◆ Work to complete
Below are some entries. Repeat exactly the lines from the one with "Închiriez apartament 3" through the one with "81 Humphrey Avenue Bayonne NJ 07002", and only those.

◆ Data provided
____

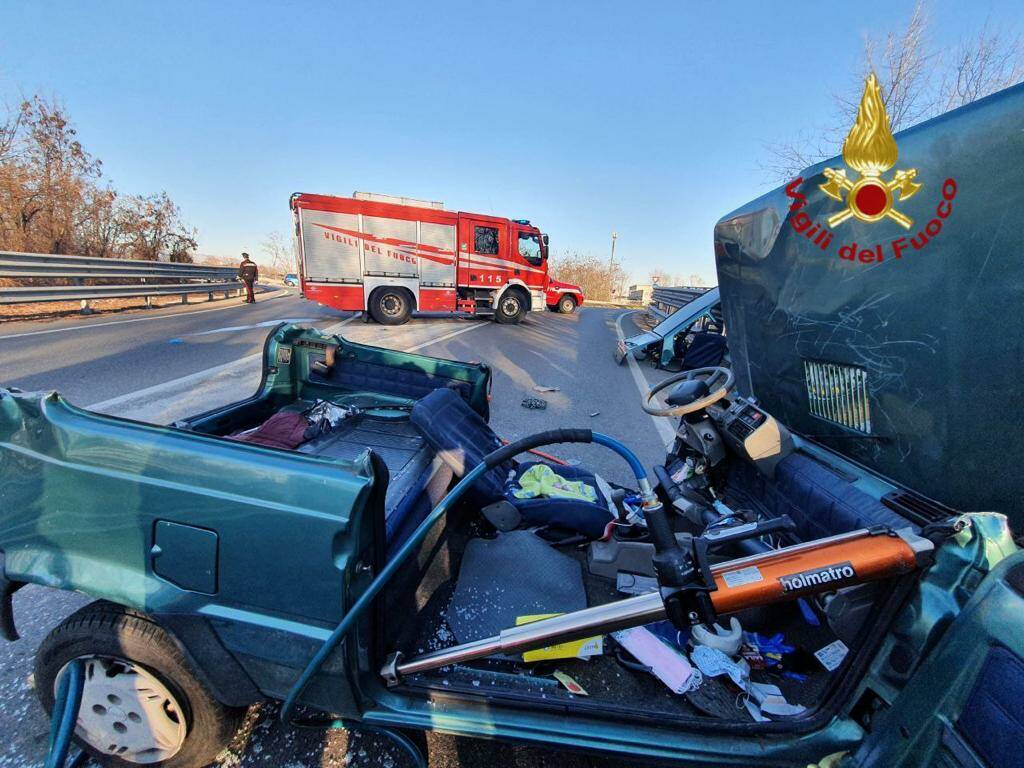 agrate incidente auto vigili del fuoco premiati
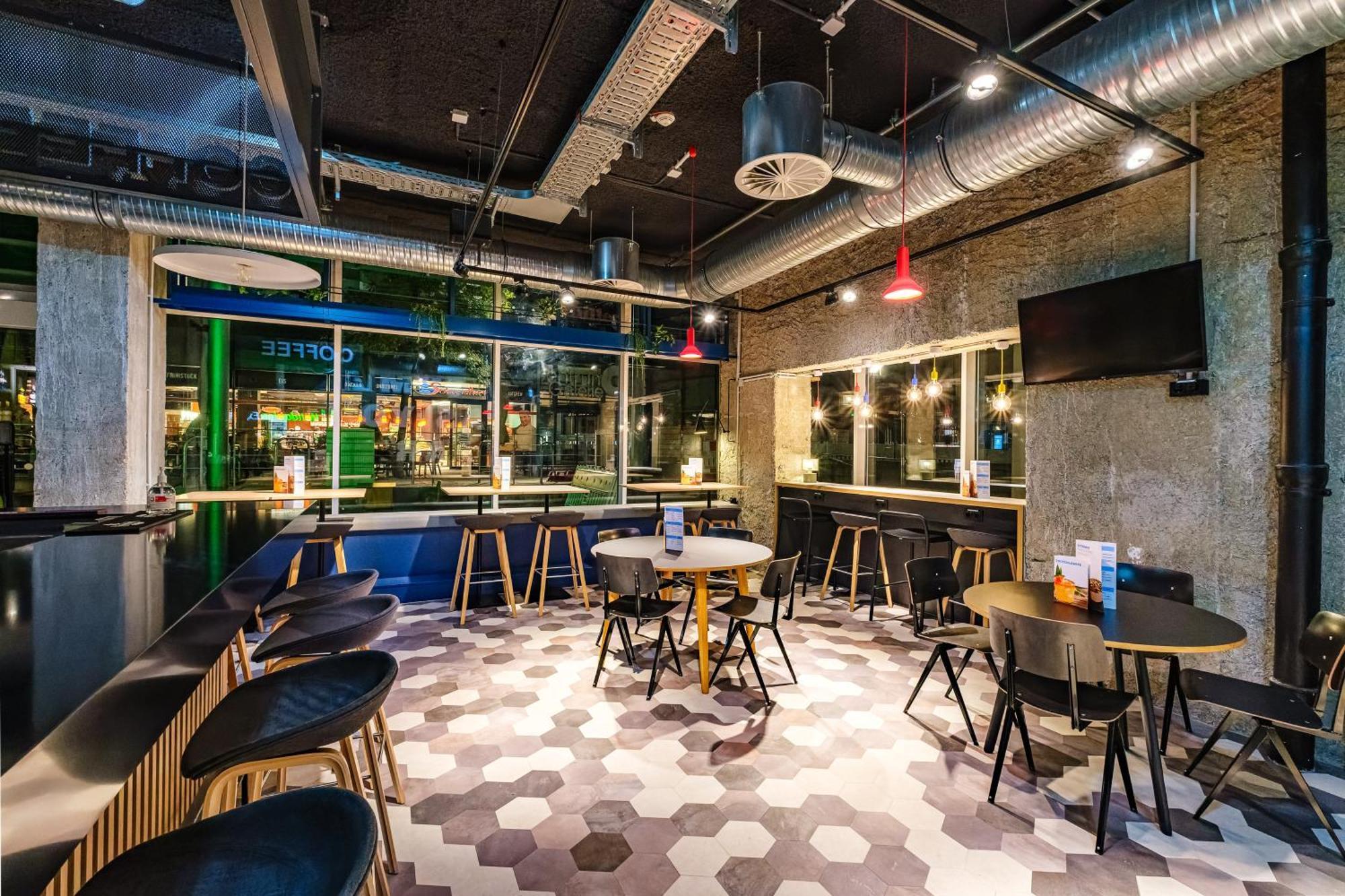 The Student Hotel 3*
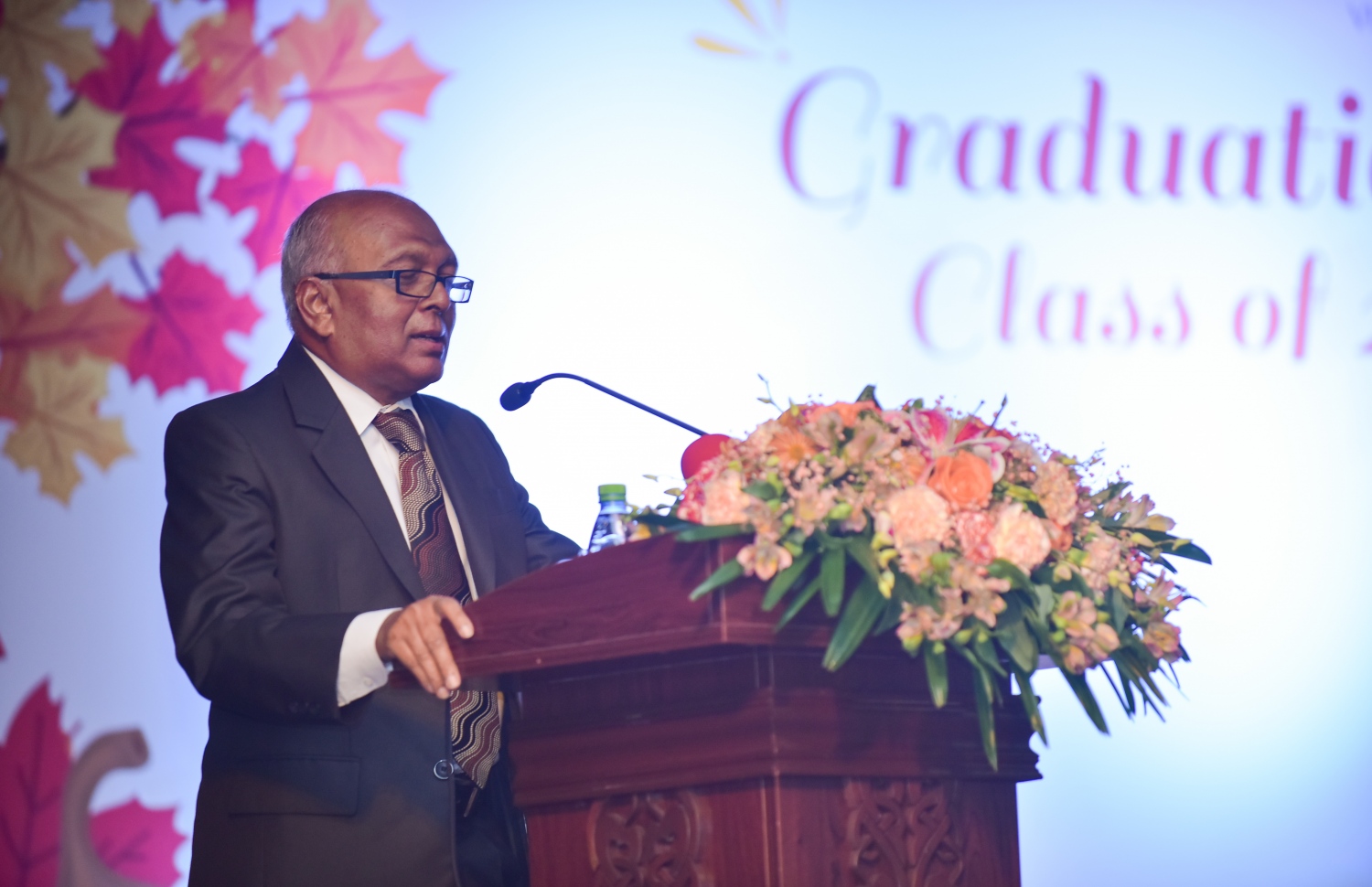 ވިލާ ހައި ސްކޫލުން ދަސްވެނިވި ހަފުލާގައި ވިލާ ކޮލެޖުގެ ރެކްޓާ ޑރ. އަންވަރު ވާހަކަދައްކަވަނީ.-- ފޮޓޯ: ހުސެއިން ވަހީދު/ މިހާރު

____

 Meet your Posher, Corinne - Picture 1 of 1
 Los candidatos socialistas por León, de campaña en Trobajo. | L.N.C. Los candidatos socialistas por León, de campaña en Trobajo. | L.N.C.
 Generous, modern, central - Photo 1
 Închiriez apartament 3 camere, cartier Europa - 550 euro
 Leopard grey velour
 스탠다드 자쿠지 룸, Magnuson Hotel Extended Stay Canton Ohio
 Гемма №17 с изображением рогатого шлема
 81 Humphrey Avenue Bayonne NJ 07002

____

◆ Output of the exercise
 Închiriez apartament 3 camere, cartier Europa - 550 euro
 Leopard grey velour
 스탠다드 자쿠지 룸, Magnuson Hotel Extended Stay Canton Ohio
 Гемма №17 с изображением рогатого шлема
 81 Humphrey Avenue Bayonne NJ 07002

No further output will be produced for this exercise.